Here’s the thing about change. It’s terrifying. I’ve never liked the feeling of uncertainty and instability, and I especially hate feeling like I’m flailing around, trying desperately to find anything to hold on to.
I remember my very first breakup (if that’s even what you should call it at such a young age). A phone call from my 6th grade boyfriend, just hours before we were supposed to meet up with another couple to go roller skating. I couldn’t tell you what he said, but I remember how it felt to have this teenage boy that I knew would listen to the stories about my day dump me unexpectedly. I was 12, and it sucked.

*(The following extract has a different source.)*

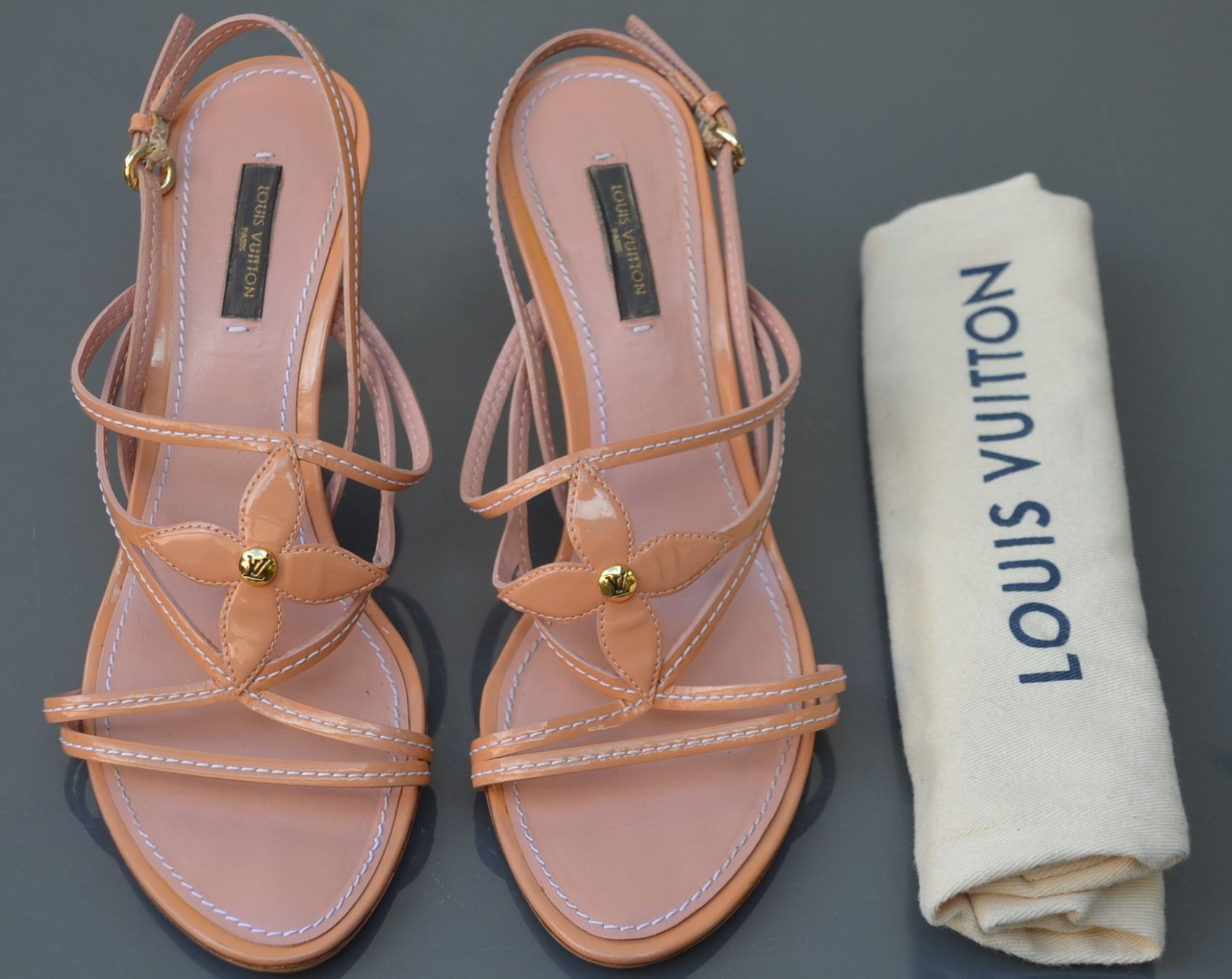 Louis Vuitton Damenschuhe: Sandalen / Sandales Louis Vuitton  .38,5 – Gebraucht aus Collonges von Auganien 2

I also remember what it was like when each of my great-grandparents passed away. I specifically remember being curled up in a ball on the kitchen floor of my dad’s home after he told me about Memaw. I didn’t understand how it could possibly be true — she was just walking to go get the mail. This was the first death I ever had to deal with. I was 16, and it sucked.
Now, here I am: 24, and change still sucks. No matter how comfortable I am in my life, nothing is guaranteed. In fact, someone pretty wise once said, “The only thing that is constant is change.” So, I’m choosing to handle this change differently. I’m not flailing, I’m standing on my own two feet. I’m not unstable, I’m relying on myself. And while a lot of things still are uncertain, what I do know is that I have an incredibly strong support system to lean on when the suck levels get a little too high, and that life is sweet, changes and all.